While there are some fixed biological actions associated with certain types of brain activity, ie more creative thought, accessing long term memory etc, some people can hold their eyes perfectly still and perform all kinds of mental functions, and, more to the point, just because I’m activating ‘creative’ thinking functions doesn’t mean I’m lying. I could simply be trying to figure out how to best explain a complex topic to a moron, or more often, how to translate a politically sensitive issue into a value-schema language that the recipients of the communications can a) hear and b) not have too much of a knee-jerk reaction to. In both cases no lying, but a clear need to engage creative thinking. Funny that if you want to access a human’s interiority, their subjective space, you need to use methods based in that domain. You could, you know, just ask someone what’s going on. And if their lying, an experienced psychologist is all you’ll need to spot it, not some machine worth tens of thousands of dollars that’s not able to come near to touching meaning.

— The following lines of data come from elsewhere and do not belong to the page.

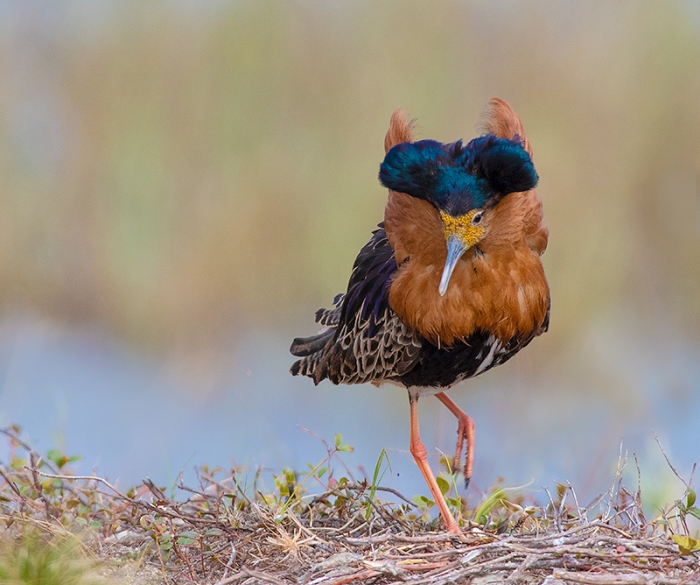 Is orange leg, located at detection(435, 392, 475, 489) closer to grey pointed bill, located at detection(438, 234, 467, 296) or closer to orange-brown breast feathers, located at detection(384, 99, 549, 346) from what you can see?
orange-brown breast feathers, located at detection(384, 99, 549, 346)

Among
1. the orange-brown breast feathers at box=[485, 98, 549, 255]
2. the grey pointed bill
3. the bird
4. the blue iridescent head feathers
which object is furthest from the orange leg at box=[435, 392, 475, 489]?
the blue iridescent head feathers

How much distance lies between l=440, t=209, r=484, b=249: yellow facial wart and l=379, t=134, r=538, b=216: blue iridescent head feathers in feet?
0.08

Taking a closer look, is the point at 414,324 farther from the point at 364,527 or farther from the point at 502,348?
the point at 364,527

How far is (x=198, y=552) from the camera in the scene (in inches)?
166

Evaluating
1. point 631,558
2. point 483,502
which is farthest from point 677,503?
point 483,502

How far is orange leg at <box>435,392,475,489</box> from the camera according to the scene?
5246mm

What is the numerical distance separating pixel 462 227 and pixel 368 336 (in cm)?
117

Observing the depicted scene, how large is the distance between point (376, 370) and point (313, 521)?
2.93 ft

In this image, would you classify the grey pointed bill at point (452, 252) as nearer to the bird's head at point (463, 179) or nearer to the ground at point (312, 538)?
the bird's head at point (463, 179)

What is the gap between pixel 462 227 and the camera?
3.94 m

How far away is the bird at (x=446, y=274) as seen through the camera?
397cm

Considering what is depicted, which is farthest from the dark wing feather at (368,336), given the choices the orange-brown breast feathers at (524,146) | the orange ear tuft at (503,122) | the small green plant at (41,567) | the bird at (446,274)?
the small green plant at (41,567)

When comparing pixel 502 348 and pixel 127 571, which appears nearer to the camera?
pixel 127 571

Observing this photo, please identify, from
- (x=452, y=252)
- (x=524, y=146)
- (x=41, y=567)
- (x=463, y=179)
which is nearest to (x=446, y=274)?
(x=452, y=252) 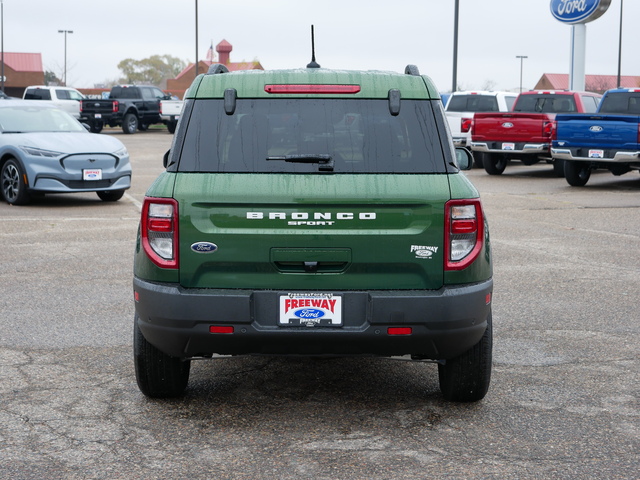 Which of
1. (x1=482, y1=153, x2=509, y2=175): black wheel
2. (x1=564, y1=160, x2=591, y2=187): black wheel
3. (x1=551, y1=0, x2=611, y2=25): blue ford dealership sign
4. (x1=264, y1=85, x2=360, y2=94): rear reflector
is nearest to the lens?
(x1=264, y1=85, x2=360, y2=94): rear reflector

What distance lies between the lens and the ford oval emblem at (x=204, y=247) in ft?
15.2

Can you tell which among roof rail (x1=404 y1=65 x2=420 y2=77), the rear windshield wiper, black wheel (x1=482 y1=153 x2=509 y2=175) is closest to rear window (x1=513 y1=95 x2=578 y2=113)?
black wheel (x1=482 y1=153 x2=509 y2=175)

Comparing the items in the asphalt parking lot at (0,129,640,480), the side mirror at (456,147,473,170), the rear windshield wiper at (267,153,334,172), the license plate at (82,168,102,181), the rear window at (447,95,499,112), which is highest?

The ready arrogance of empirical researches often astounds me. But then, I realise its often not intentional. They just don’t know any better. With their material blinkers on, presumably unaware of self-reflective thought and in a worldview where meaning making is automatic and thus unaware of the whole post-modern turn of the last half century, who can blame them for thinking they have the physical signature of all thoughts – and thus can read them like a book.

I suspect, however, that their very success will lead some of them to realise that they are really reading tea leaves, and thus, are far away from being able to develop reliable implementations of such technology. Although…. On the other hand, maybe most people are like them, and thus quite predictable. Maybe the only time a redneck jackass video making young man is being creative is when he’s lying or thinking naughty thoughts. Reason enough to convict him either way isn’t it?

I wonder what these scientists think of the old dictum updated: actions speak louder than thoughts, or walking your talk is what counts. If these cowboys ever get to walk their machine into the criminal justice system, heaven help us – I know I might be inspired to revolutionary thoughts – but then, so might they, and who’s machine could tell our thinking patters apart?